# Business Understanding


They say, "Water is Life". Tanzania is a developing country which has a clean water problem. According to [worldometers.info](https://www.worldometers.info/world-population/tanzania-population/), Tanzania population is 59,353,795 and it has to provide more than 59 million people with clean water. There are many water features which are already well established, but also there are many useless wells or some are in need of repair. 

Drivendata has begun a competition 'Pump It Up' to point this problem. With the predictive model, people can understand which water points are functional, nonfunctional and functional but it needs to repair. This model can help the Tanzanian government to find likely maintenance needy wells or give an useful information for future wells. 

The project's aim is to build a model which tells the status of the water points (as functional, nonfunctional, functional but needs repair). With this model, we will help to the Tanzanian authorities how to use water sources as a productive way. It also helps the JICA(Japan International Cooperation Authority) and The Dar es Salaam Water and Sewerage Authority (DAWASA) and the Dar es Salaam Water and Sewerage Corporation (DAWASCO) invest on Tanzania water resources wisely. 

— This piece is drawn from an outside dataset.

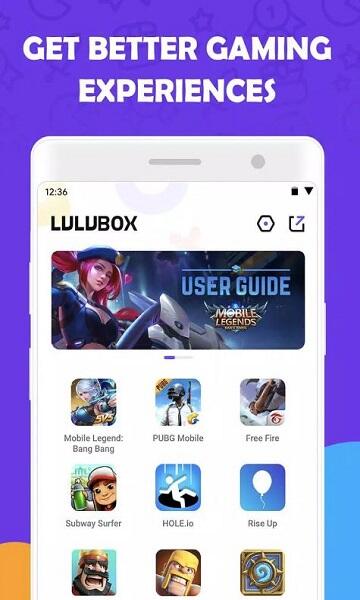 Lulubox Super Line 64 Bit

![pump.png](./images/pump.png)



# Pump it Up:  Tanzanian Water Wells(Data Mining the Water Table) 

### HOSTED BY:  DRIVENDATA
### AUTHOR:  FRED MUTUMA


# Data Understanding


The original data can be obtained by the [DrivenData 'Pump it Up: Data Mining the Water Table' competition](https://www.drivendata.org/competitions/7/pump-it-up-data-mining-the-water-table/page/23/). Basically, there are 4 different data sets: 
- submission format 
- training set
- test set  
- train labels set which contains status of wells.  

With given training set and labels set, competitors are expected to build a classifier to predict the condition of a water we and apply it to the test set to determine status of the wells and submit. 

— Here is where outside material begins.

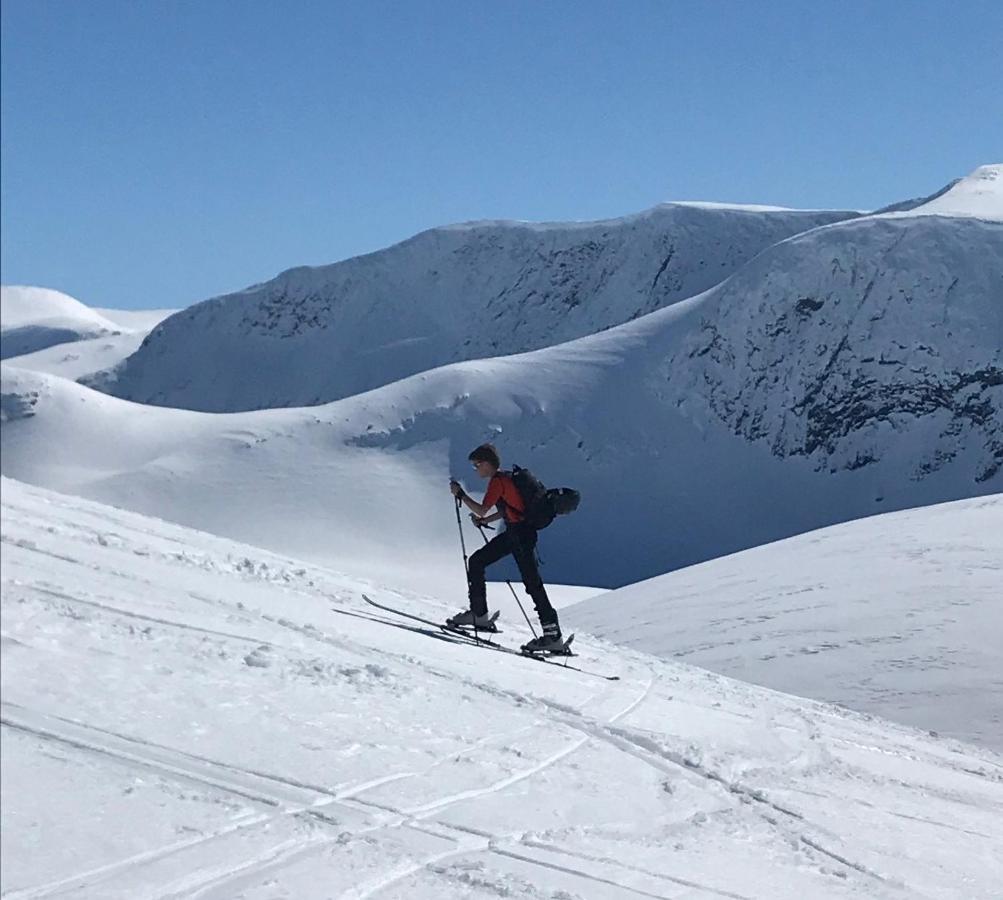 Ferienhaus Kjøsnes Skei (Sogn og Fjordane)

In this project, I will use train set and train label set. Train set has 59400 water points data with 40 features. Train labels data has 59400 same water points with train set but just has information about id of these points and status of them.

The data for this comeptition comes from the Taarifa waterpoints dashboard, which aggregates data from the Tanzania Ministry of Water.

In their own words:

Taarifa is an open source platform for the crowd sourced reporting and triaging of infrastructure related issues. Think of it as a bug tracker for the real world which helps to engage citizens with their local government. We are currently working on an Innovation Project in Tanzania, with various partners.

You can learn more here:
Taarifa logo

[Taarifa Homepage]('taarifa.org')
Taarifa Blog
Taarifa Github


### Features

- amount_tsh - Total static head (amount water available to waterpoint)
- date_recorded - The date the row was entered
- funder - Who funded the well
- gps_height - Altitude of the well
- installer - Organization that installed the well
- longitude - GPS coordinate
- latitude - GPS coordinate
- wpt_name - Name of the waterpoint if there is one
- num_private -- 
- basin - Geographic water basin
- subvillage - Geographic location
- region - Geographic location
- region_code - Geographic location (coded)
- district_code - Geographic location (coded)
- lga - Geographic location-
- ward - Geographic location
- population - Population around the well
- public_meeting - True/False
- recorded_by - Group entering this row of data
- scheme_management - Who operates the waterpoint
- scheme_name - Who operates the waterpoint
- permit - If the waterpoint is permitted
- construction_year - Year the waterpoint was constructed
- extraction_type - The kind of extraction the waterpoint uses
- extraction_type_group - The kind of extraction the waterpoint uses
- extraction_type_class - The kind of extraction the waterpoint uses
- management - How the waterpoint is managed
- management_group - How the waterpoint is managed
- payment - What the water costs
- payment_type - What the water costs
- water_quality - The quality of the water
- quality_group - The quality of the water
- quantity - The quantity of water
- quantity_group - The quantity of water
- source - The source of the water
- source_type - The source of the water
- source_class - The source of the water
- waterpoint_type - The kind of waterpoint
- waterpoint_type_group - The kind of waterpoint

# Evaluation


- Generally higher population areas has higher number of functional wells.
- Some areas have higher probability to find clean water especially, if they are near good basins.
- Dar es Salaam is one of the highest populated cities but 35% of good water quality points are non-functional.
- Iringa is one of the important areas but it contains lots of non-functional wateer points which has soft water.
- Mostly the wells which are funded by government are non-functional.
- Most of water points which central government and district council installed are non-functional.
- The most common extraction type is gravity but second is hand pumps. The efficiency of handpumps is less than commercial pumps. This shows that authorities need to focus on pumping type. It is seen that, there are many non-functional water points which belongs to gravity as extraction type.
- Some water points that have enough and soft water are non-function.
- The wells that were constructed in recent years are more functional than older ones. It is evident that recent wells have better functionality but needs repair sooner or later. 
- There are lots of water wells which has enough water are non-functional. 




## Findings

- 4272 wells were dried but they have good water quality. With a sound solution, these wells can be functional. Finding clean water sources is not the only problem, to continue to feed these sources are equaly important.
- 2226 (7%) wells have enough and soft water but need repair. Authorities must invest on repairing. Otherwise these will be non-functional.
- 8035 (27%) wells has enough, good quality water but they are non-functional. This shows that authorities must work and invest on technology to pump these good sources.
- Authorties should check again the wells which they funded.
- New tecqniques must be found to feed dry wells and repair wells.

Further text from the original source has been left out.